I didn’t think I cared about sunshine.  I thought I loved the British weather, with its charming unpredictability.  But now, after seven years of staycation holidays, standing outside at weddings with not enough clothes on, and feeling CHILLY all the time, I’ve decided that I’m with the Incas, and the sun is my God, and come next year, we are finally going to scrimp and save and get on a real life plane and go somewhere abso-bloomin-lutely BOILING.

I can’t quite remember…

Memory is subconsciously selective.  We cannot decide what to remember, however hard we try.  For example, my dearest mother in law, despite being a sprightly and very busy young Nana, seems to have wiped the entire early years of bringing up both her children. It’s totally gone.  There’s the odd recollection of pinning my husband, then 4 years old, onto the floor while trying to wrestle a balaclava onto him, in contrast, there was the time that her elder son ‘made up his own language’ at some obscenely early age, but her set response is usually a blank look and ‘I really can’t remember…’

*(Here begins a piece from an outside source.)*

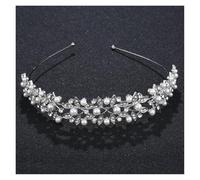Fashion Silver Pearl Rhinestone HairBand Simple and Versatile Headwear Banquet Princess Tiara Bridesmaids Head Bands Gift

This prompts the possibility that I won’t remember all this either.  Worryingly, the evidence is already mounting.  A few weeks ago we went on a Yorkshire holiday with another couple and their 15 month old daughter.  I foresaw idyllic and leisurely strolls round the dales, lashings of cream teas and long breakfasts.  The reality was that we achieved all these things, but in tiny windows of time.  We spent most of the holiday rushing out after the baby’s sleep or rushing back for her sleep, or her parents were recovering from lack of sleep.  And then it all came back to me; I’d forgotten that when you have little children the ‘sleep’ factor is GOD.  The whole 24 hours of life revolves around the snoozes and snuffles of the smallest person in the family.  Or to be more accurate, one little child.  By the time number two comes along, reality hits, like a sledgehammer.  There’s no point chasing the sleep because it’s not there, and won’t be for a while, so you just adjust to the semi-zombie like state and get on with it, which presumably doesn’t help with remembering anything.

And what about now?  How can I possibly ever forget the little people that I look after and love day in day out.  Will I forget my daughter endlessly playing schools, lining up her soft toy pupils and, after adopting her carefully studied teacher pose (legs crossed, leaning slightly forwards), taking the register?  Will I forget my son explaining the minute details of his latest lego creation, with booster flaps, detachable wings and hidden weapons cache?  The answer is, of course, ‘Yes, most of it’.

Luckily, I have a secret weapon in my armoury against memory wipeout, which is my stash of diaries, which I have kept since my son was around 6 months old.  I don’t write obsessively, but around once a week I just try and record the moment, or the everyday bits of interest.  Flicking back through that first one I find this scribbled description of my son at ten months old:

Little figure of a man, singing your noises, curiosity pulsing through every inch, barrel tummy, disproportionate head holding your fizzing, wiring brain. 

Which, I flatter myself, is almost poetic.  And then there’s the poetry/psychotic ramblings they come out with:

The other day he told me that his bedroom was ‘where my dreams come out’.  He calls his little sister ‘Eggy’ and when asked why, said because you can ‘crack her with a knife’.

Luckily there is no further incident recorded in the diary involving my son testing out this ‘cracking with a knife’ theory.

The final question is why on earth would I want to remember it ALL. And the answer is, boundless, endless love.  I love them in all their incarnations of being, all their stages and phases, happy bits, ill bits, and sad bits.  It’s all good.